Authentic Servant Leaders create a culture of recognition within their organizations. They understand that recognition helps keep their people engaged and motivated. 

 

As a leader you simply cannot afford to fail in this area. You must set aside time in your day just for this purpose. I often ask leaders of organizations what their greatest asset is within their organization. They almost always say it’s their people. 

 

Then, in very nearly the next breath, they tell me that they don’t have the time to consistently recognize their people. When I point out that spending time on less important things while pretty much ignoring their greatest asset is not a great recipe for success they realize the mistake they have been making.

 

Don’t make that all too common mistake, plan some recognition time into your day. Encourage others on your team to recognize their fellow team members, make your organization one where even the little successes are celebrated. If the recognition is done with sincerity it never gets old. 

 

If your organization is known as a no recognition zone, well that kind of environment gets old pretty darn quick. 

 

So right now, reach out to someone in person, through a phone call or even an email and let them know they matter, let them know you recognize and appreciate them and their efforts. 


It truly takes so little time when compared to the value it will add to their day. So go ahead …do it now!

The Lost Art of Thank You Notes

So, in my last post I wrote about saying “Thank You.” As powerful as a sincere verbal thank you can be it’s magnified tenfold when it’s written down. So I want to take my last post a step further and suggest that you do more than merely say thank you, I’d encourage you to at least occasionally write your “Thank You” down, like in a note, with a pen, handwritten. Just like the old days.

 

I know that seems really old fashioned to a whole lot of people reading this and it may seem like a huge waste of time when you can just send a quick email or an even quicker text. But I assure you, it’s anything but a waste of time. 

 

You may think taking the extra five minutes to hand write a card and toss it in the mail (for those of you who have never done this “the mail” is those blue kinda curvy topped boxes you see sitting on street corners here and there) is a waste of time but I’m betting big time that if you received one you wouldn’t think it was a waste of time at all. You would appreciate, maybe greatly appreciate, the extra effort it took the person to send it to you. 

 

There was a time when I frequently suggested to people that they send 7 Thank You cards a week. I used to do that religiously; I’ve somehow gotten away from that and it’s truly a shame. People used to comment to me all the time about how much they appreciated the thoughtfulness. 

 

I still send a fair amount of “Thank You’s,” I just do it by email and I almost never hear a word about thoughtfulness. 

 

So I just went and bought a box of Thank You Notes (it was nice to see they still sell them in stores) and a book of stamps. It’s positively retro! I’m going to start slow and commit to sending one a week, every week. I’ll try to do more but over-committing is a sure way to kill any momentum I might develop.

 

Will you join me in rediscovering this lost art? No one’s handwriting is worse than mine so don’t try using that as an excuse; like those Nike people say… Just do it!
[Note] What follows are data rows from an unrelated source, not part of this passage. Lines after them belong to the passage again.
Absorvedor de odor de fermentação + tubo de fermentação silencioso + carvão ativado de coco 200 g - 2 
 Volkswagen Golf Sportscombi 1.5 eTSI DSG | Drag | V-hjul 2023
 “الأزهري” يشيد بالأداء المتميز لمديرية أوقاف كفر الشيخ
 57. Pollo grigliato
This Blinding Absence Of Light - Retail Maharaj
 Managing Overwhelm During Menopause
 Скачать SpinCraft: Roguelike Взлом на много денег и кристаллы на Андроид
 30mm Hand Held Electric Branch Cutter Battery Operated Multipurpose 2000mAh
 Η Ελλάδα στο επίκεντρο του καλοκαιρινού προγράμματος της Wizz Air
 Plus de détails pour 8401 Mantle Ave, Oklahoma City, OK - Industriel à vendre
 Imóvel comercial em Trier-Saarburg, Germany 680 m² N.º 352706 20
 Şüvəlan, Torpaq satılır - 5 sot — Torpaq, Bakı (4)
My grandfather used to sell cards in his store, I still remember a sign by the cards he sold. It said “Costs so little yet means so much.” Those words still hold true today; make a difference in someone’s life today, drop them a note and let them know they matter.


Two Little Words

Sometimes little things can make a big difference. Sometimes, when combined with another little thing they can make a huge difference. Such is the case with two little words, thank and you. 

 

Now “thank” almost doesn’t sound right alone. About the only way it makes sense is when used in a sentence like “remember to thank someone” or something like that. We can add an “s” to the word which makes it far more useful but all alone “thank” just doesn’t accomplish that much.

 

As for “you” well that’s another matter. With just in slight change in the tone of our voice we can make “you” mean very different things. We can say it with a smile and a friendly look and it tells a person that we think they are someone special. Or…we can say it with a growl and a stern look and they almost instinctly know that whatever we say next isn’t going to be meant as a compliment.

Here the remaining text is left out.